Quadratic Equations & Inequalities

📘 Algebra · Chapter MN03 🎯 NDA Level : High Priority

Quadratic equations are among the most consistently tested topics in NDA Mathematics. Questions test the discriminant, sum and product of roots, formation of new equations, and solving inequalities — all with minimal calculation and maximum conceptual clarity. Mastering this chapter gives you reliable, fast marks.

📌 What to expect in NDA (based on 2022–2024 papers):
(1) Nature of roots using discriminant D = b²−4ac — real, equal, or imaginary; (2) Finding k when roots are equal, real, or imaginary; (3) Using α+β = −b/a and αβ = c/a to evaluate symmetric expressions like α²+β², α³+β³; (4) Forming a new quadratic when roots are given or transformed; (5) Conditions on roots — one root is double the other, roots are reciprocals, one root is zero; (6) Solving linear and quadratic inequalities; (7) Wavy curve (sign chart) method for quadratic inequalities.

Topics at a Glance

① Standard Form

ax²+bx+c=0, roots by formula

② Discriminant

D = b²−4ac, nature of roots

③ Sum & Product

α+β = −b/a, αβ = c/a

④ New Equation

x²−(S)x+(P)=0; transformed roots

⑤ Symmetric Functions

α²+β², α³+β³, (α−β)²

⑥ Inequalities

Linear & quadratic, wavy curve

1. Standard Form & the Discriminant

1.1

Standard Form & Quadratic Formula

Every quadratic problem starts here

A quadratic equation in standard form is ax² + bx + c = 0, where a ≠ 0 and a, b, c are real constants. The two roots are found using the quadratic formula.

⚡ Quadratic Formula

ax² + bx + c = 0 (a ≠ 0) −b ± √(b² − 4ac) x = ──────────────────── 2a Discriminant: D = b² − 4ac

The discriminant D determines the nature of the roots before you even solve. Always compute D first in NDA questions asking about the "nature of roots".
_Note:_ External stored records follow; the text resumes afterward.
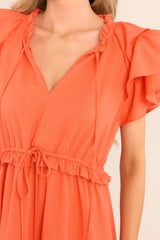 Close up view of this dress that features a v-neckline with a self-tie closure, ruffled flutter sleeves, a drawstring waistband, and a long, flowy skirt.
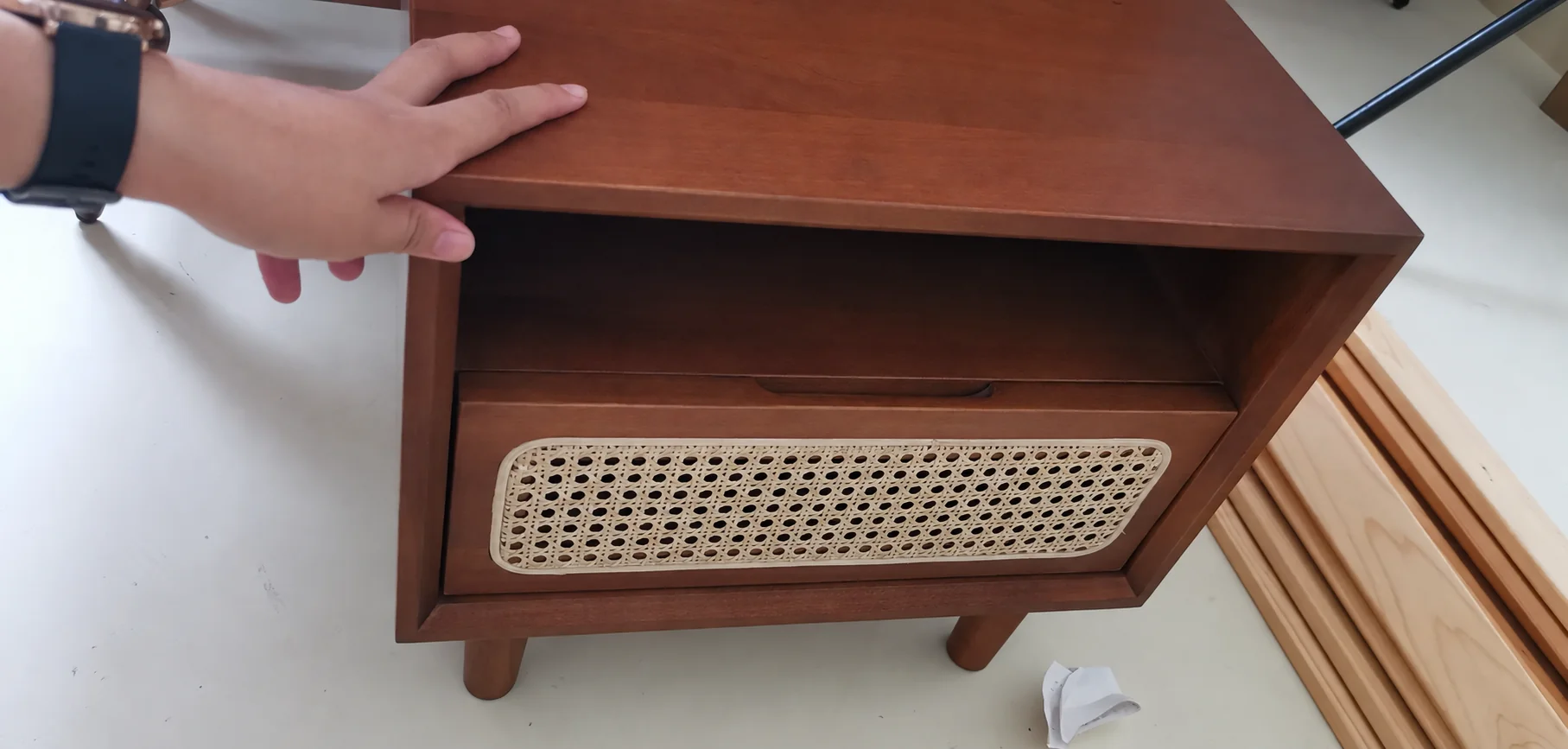 Wood bedside cabinet with a woven rattan front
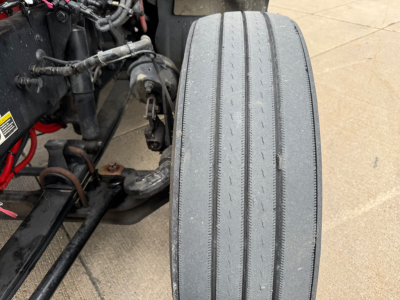 Kenworth truck engine bay with visible front tire and chassis components; large treaded front tire mounted; various hoses and wiring around.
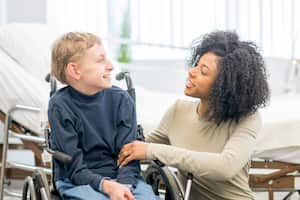 Un niño pequeño está sentado en su silla de ruedas con su cuidador. Están sentados juntos en el hospital y están sonriendo.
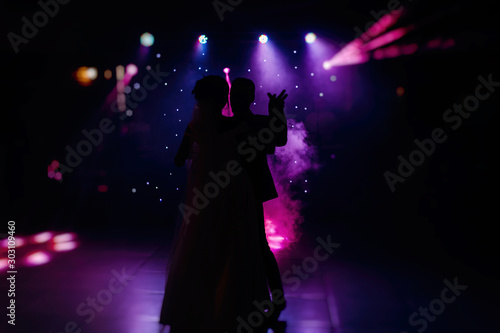 The first wedding dance of the newlyweds..Silhouettes of loving couple in the dark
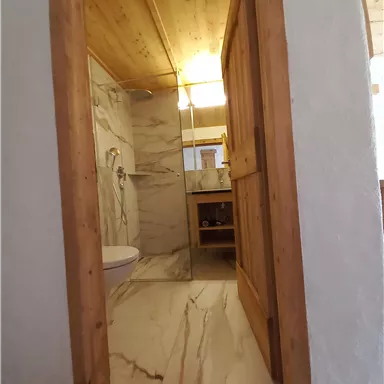 Ein modernes Badezimmer mit marmorierten Wänden und einem Holzrahmen. Das Licht ist warm und sorgt für eine einladende Atmosphäre.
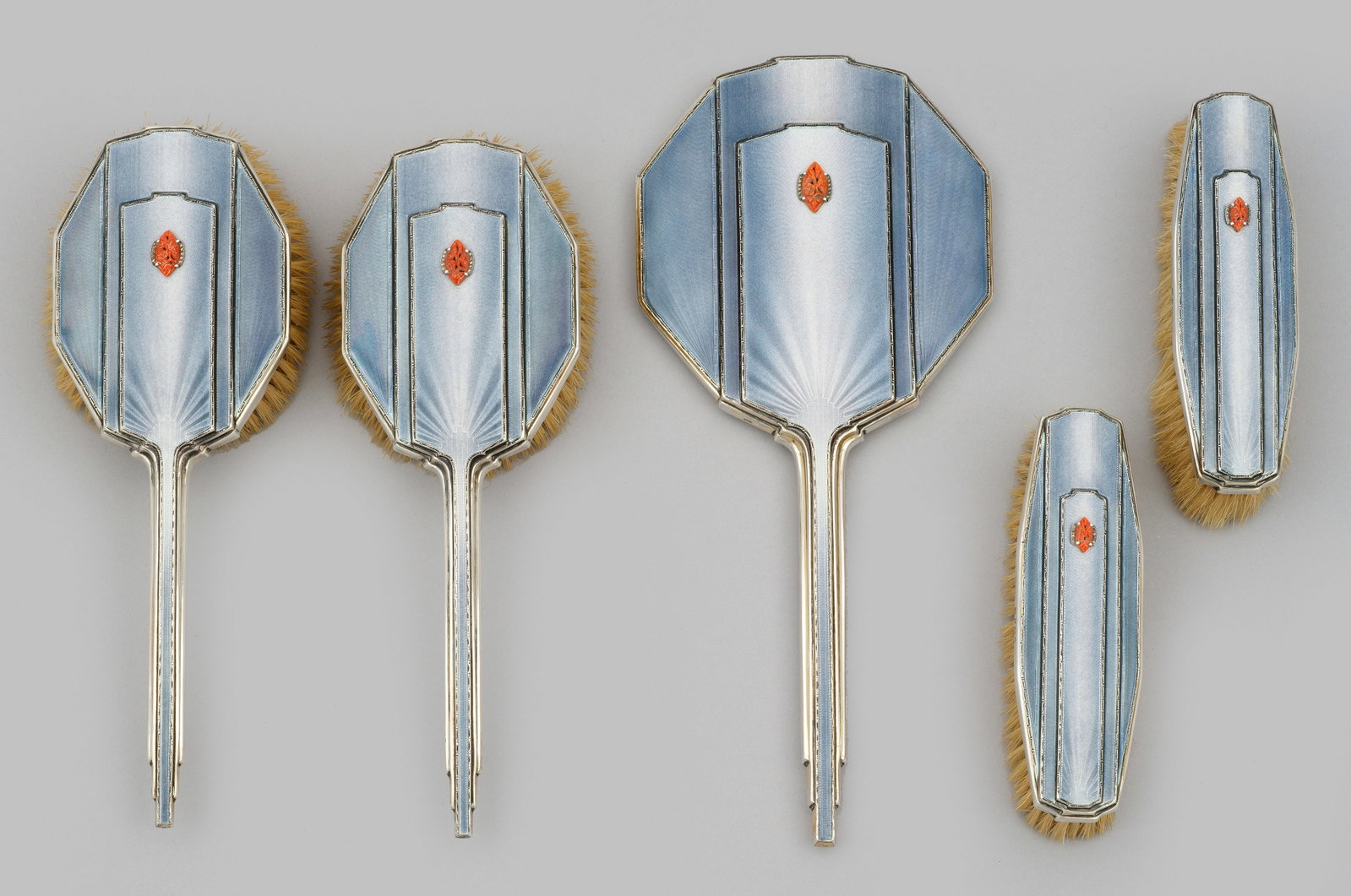 Georg V-Toiletteset: 5-tlg.; Sterlingsilber, teilw. emailliert, Holz und Borsten. Zwei Haarbürsten, zwei Kleiderbürsten und ein Handspiegel. Rückseiten mehrfach profiliert, wellen- bzw. strahlenförmig guillochiert, si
Nature of Roots — Discriminant Table

Condition

Value of D

Nature of Roots

D > 0

b² − 4ac > 0

Two distinct real roots

D > 0 and perfect square

√D is rational

Two distinct rational roots

D = 0

b² − 4ac = 0

Two equal (repeated) real roots: x = −b/2a

D < 0

b² − 4ac < 0

Two complex conjugate (imaginary) roots — no real roots

⚠ Key Exam Points on Discriminant:
• If a, b, c are rational and D > 0 but not a perfect square → roots are irrational conjugates (p+√q and p−√q).
• If D < 0 → roots are complex conjugates (a+ib and a−ib). They are never both real.
• Equal roots means D = 0, so the repeated root is x = −b / 2a (not −b/a).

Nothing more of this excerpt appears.